Слушала рассказ Пятигорского о Бхагавад-гите переполненная аудитория -- несколько десятков людей. Но слушатель был только один. Слушатель -- он всегда один: каждый из пришедших в аудиторию в одиночестве своего понимания или непонимания. И для кого-то --безымянного и безадресного -- что-то сдвинулось в сознании, прошла рябь по темной воде привычного мышления, секунда узнавания, возвращения в себя, совпадение с тем, что запямятовано, отложено, загорожено приспособлениями из фанеры и клея, в окружении которых мы обыкновенно живем, натянулась леска, на которую попалась непонятная рыба с забытым именем, и... все уже случилось. А кому-то выпали только три часа сидения в душной аудитории, и вопросы, на которые ответа не предвидится. Хотя в конце каждой лекции Пятигорского задавали вопросы и получали ответы. Но, да простит меня Александр Михайлович, это было уже окончательно неважно.

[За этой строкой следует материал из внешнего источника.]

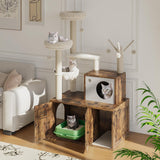 Garvee Cat Litter Box Tower with Sisal Scratching Post - Hidden Litter Cabinet, Spacious Condo, Multi-Level Climbing, Durable Particle Board, Plush Cushions, Indoor Cats, Neutral Color, 67 Inches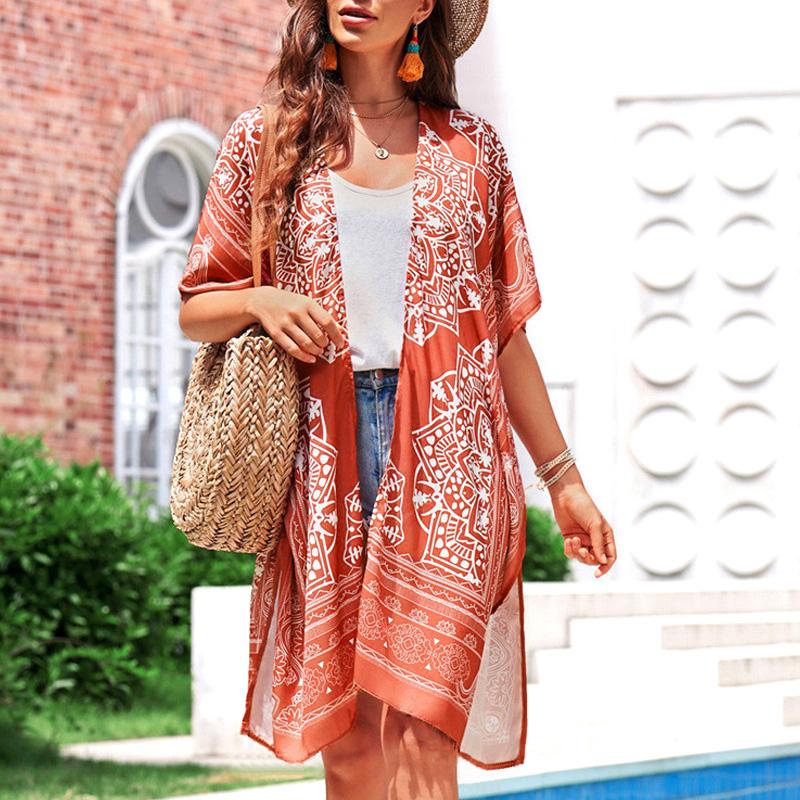 

Женский купальник, свободный этнический цветочный принт, бикини, накидка, длинная блузка в стиле бохо, кардиган, купальник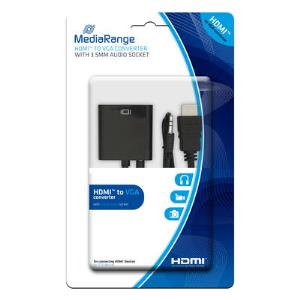 Hdmi To Vga Converter With 3.5mm Audio Socket Black MRCS167 3.5mm audio connection black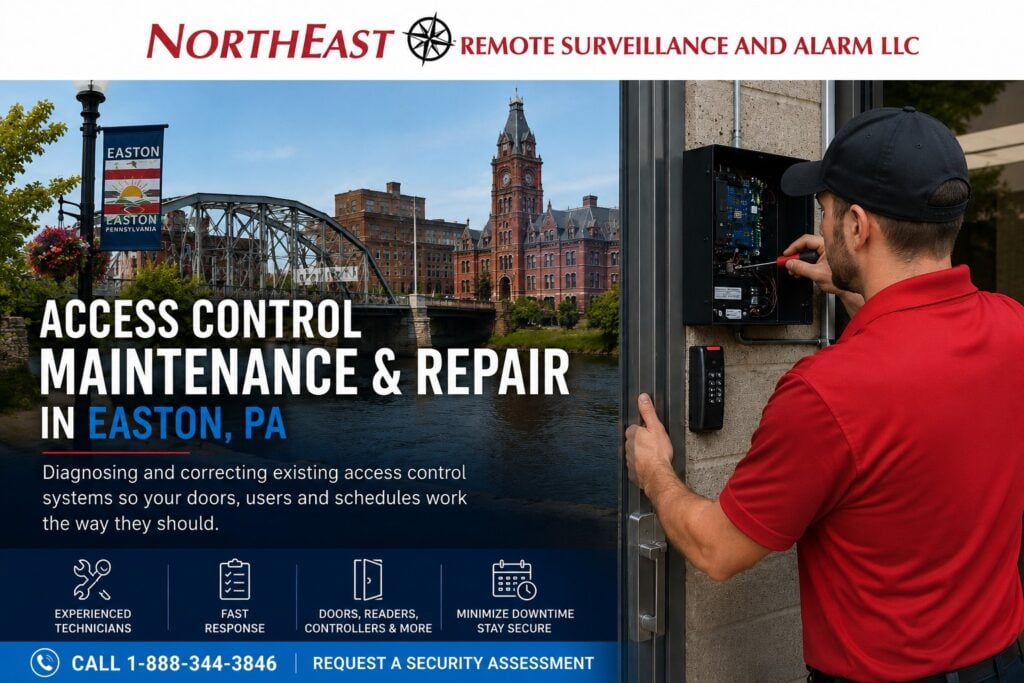 Commercial access control maintenance and repair in Easton Pennsylvania with technician testing card reader controlled door controller wiring and power supply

Говорят, надо было написать все это раньше, сразу после отъезда профессора Пятигорского. Может быть, это и правильно... Только не для меня. Нашлось множество причин, по которым я могла откладывать написание статьи. И мне это нравилось именно потому, что причины возникали вполне веские, но не имеющие никакого отношения к тому, почему, собственно, я не тороплюсь. Вероятно, меня сдерживало нечто вроде страха сглупить. Теперь же мне легче просто потому, что я уже заканчиваю работу и точно знаю, что сглупила. Но, боюсь, не тогда, когда все это писала, а в тот момент, когда вообще решила, что о лекциях профессора Пятигорского можно и нужно что-то говорить. И мне это напоминает самый странный момент в конце каждой лекции, когда Александр Михайлович спрашивал: есть ли у аудитории вопросы? А сама себе я сейчас напоминаю одного -- каждого! -- из молодых идиотов (безотносительно к реальному возрасту спрашивающего), попавшихся в феврале на пустой крючок и поднявших руку.